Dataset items

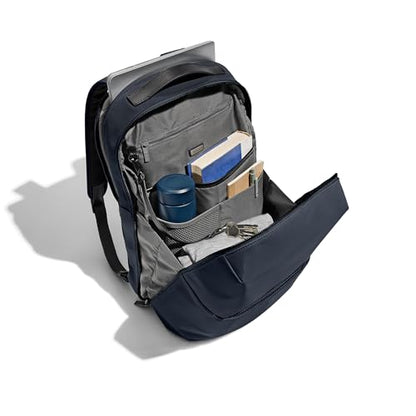 Away The Everywhere Zip Backpack - Personal Item Airline Approved Backpack with 16” Padded Laptop Sleeve, Water Bottle Pocket, Interior and Exterior Pockets - Fits Up to 16-Inch Laptops - Navy Blue - color: Navy Blue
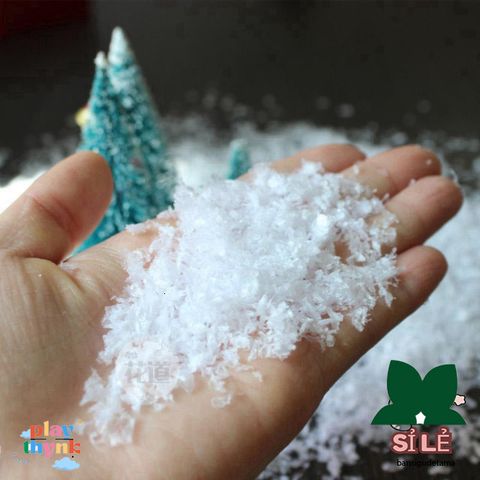 Bột Tuyết Nhân Tạo WAPKTY 50g - Bông Tuyết Trang Trí Giáng Sinh DIY, Bột Tuyết Giả Magic Snow Dùng Để Tạo Không Khí Lễ Hội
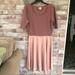 Lularoe Dresses | Lularoe Nicole L- Dusty Rose And Pale Pink | Color: Pink | Size: L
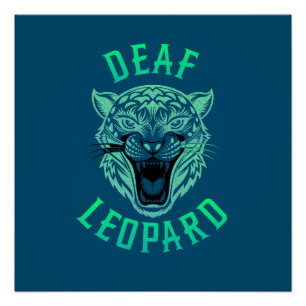 Deaf Leopard Poster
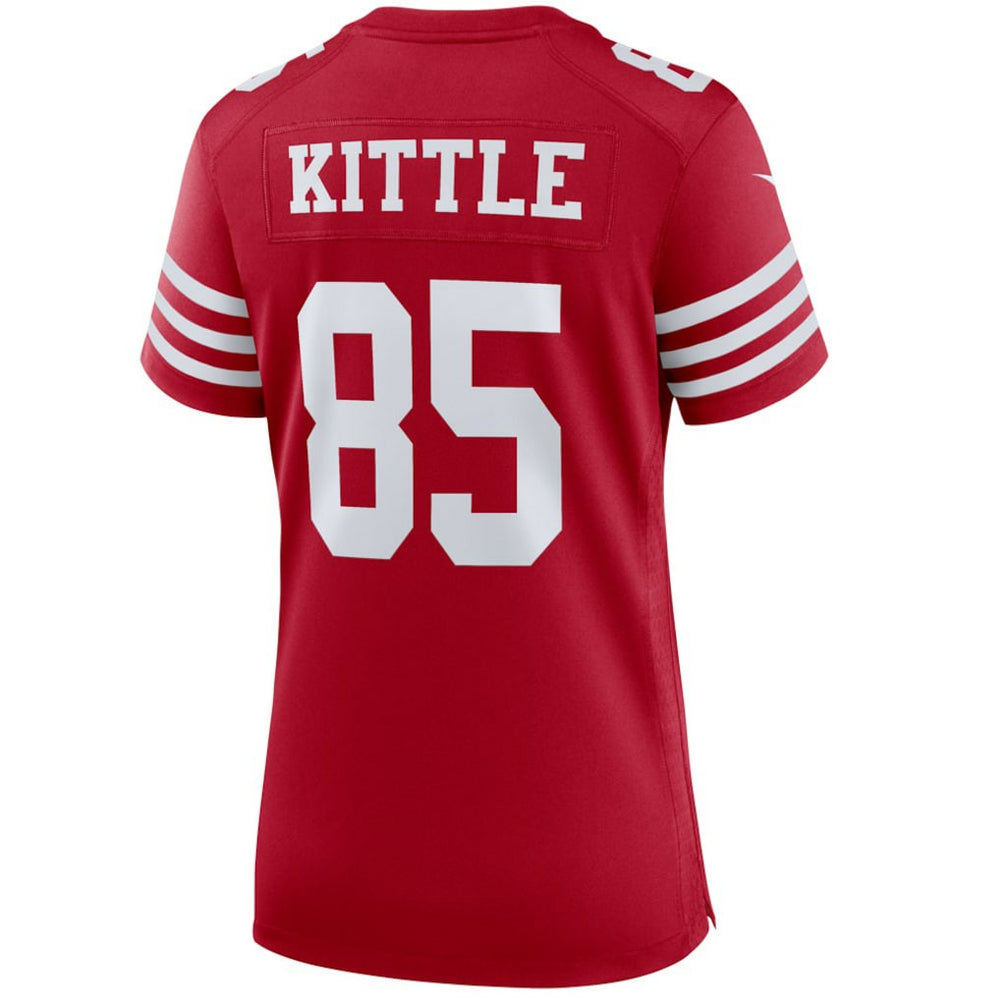 George Kittle San Francisco 49ers Women's Player Jersey Scarlet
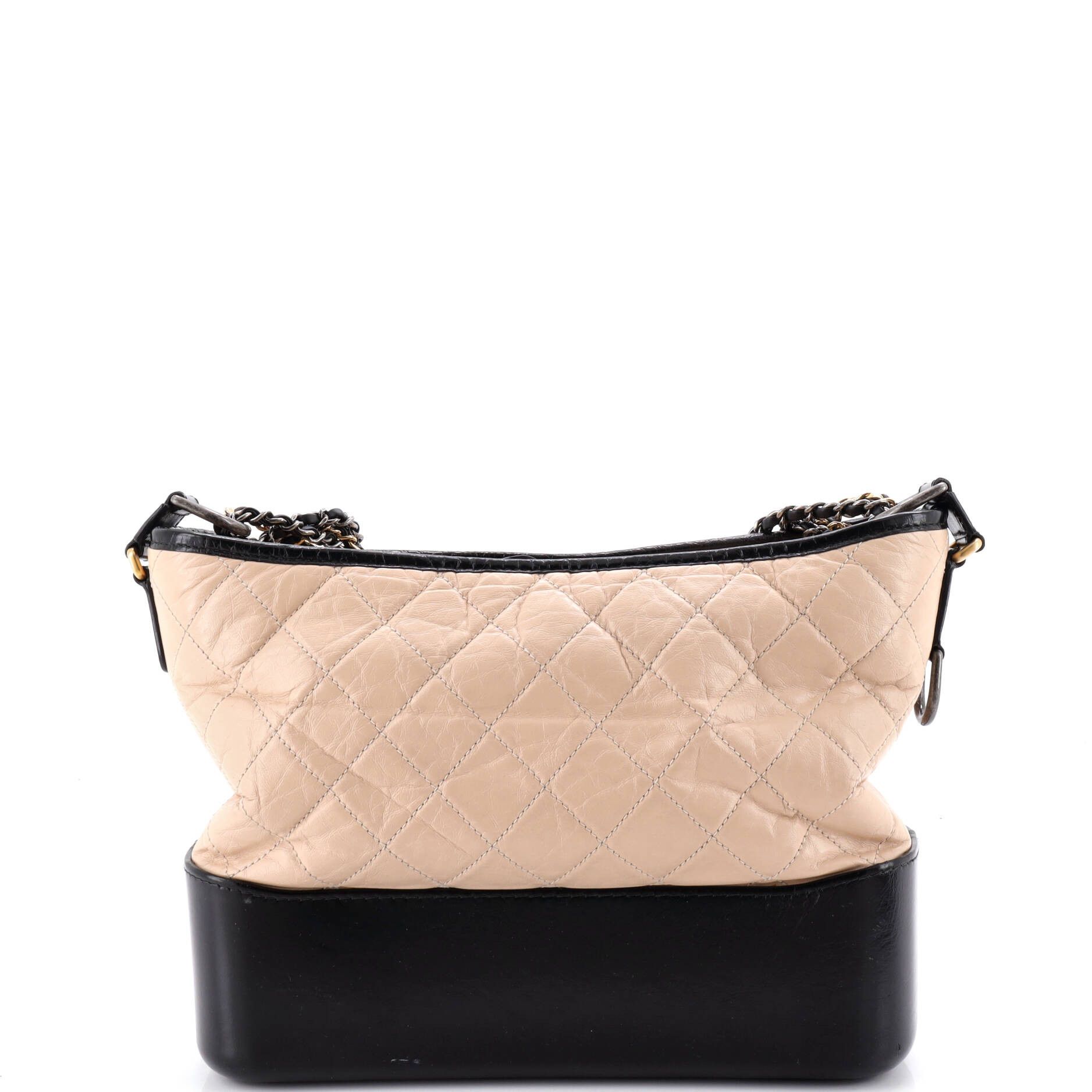 Chanel Bicolor Gabrielle Hobo Quilted Aged Calfskin Medium Size ONE SIZE - 2 Thumbnail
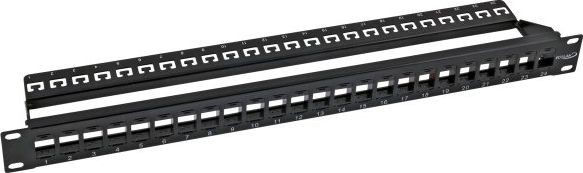EFB EFB Patch Panel 24 porty 1U otwarty do modułów Keystone czarny 11124115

> **Your task**: Quote every line of the records above exactly; no picture is to be copied.

> **Answer box**:
 Away The Everywhere Zip Backpack - Personal Item Airline Approved Backpack with 16” Padded Laptop Sleeve, Water Bottle Pocket, Interior and Exterior Pockets - Fits Up to 16-Inch Laptops - Navy Blue - color: Navy Blue
 Bột Tuyết Nhân Tạo WAPKTY 50g - Bông Tuyết Trang Trí Giáng Sinh DIY, Bột Tuyết Giả Magic Snow Dùng Để Tạo Không Khí Lễ Hội
 Lularoe Dresses | Lularoe Nicole L- Dusty Rose And Pale Pink | Color: Pink | Size: L
 Deaf Leopard Poster
 George Kittle San Francisco 49ers Women's Player Jersey Scarlet
 Chanel Bicolor Gabrielle Hobo Quilted Aged Calfskin Medium Size ONE SIZE - 2 Thumbnail
EFB EFB Patch Panel 24 porty 1U otwarty do modułów Keystone czarny 11124115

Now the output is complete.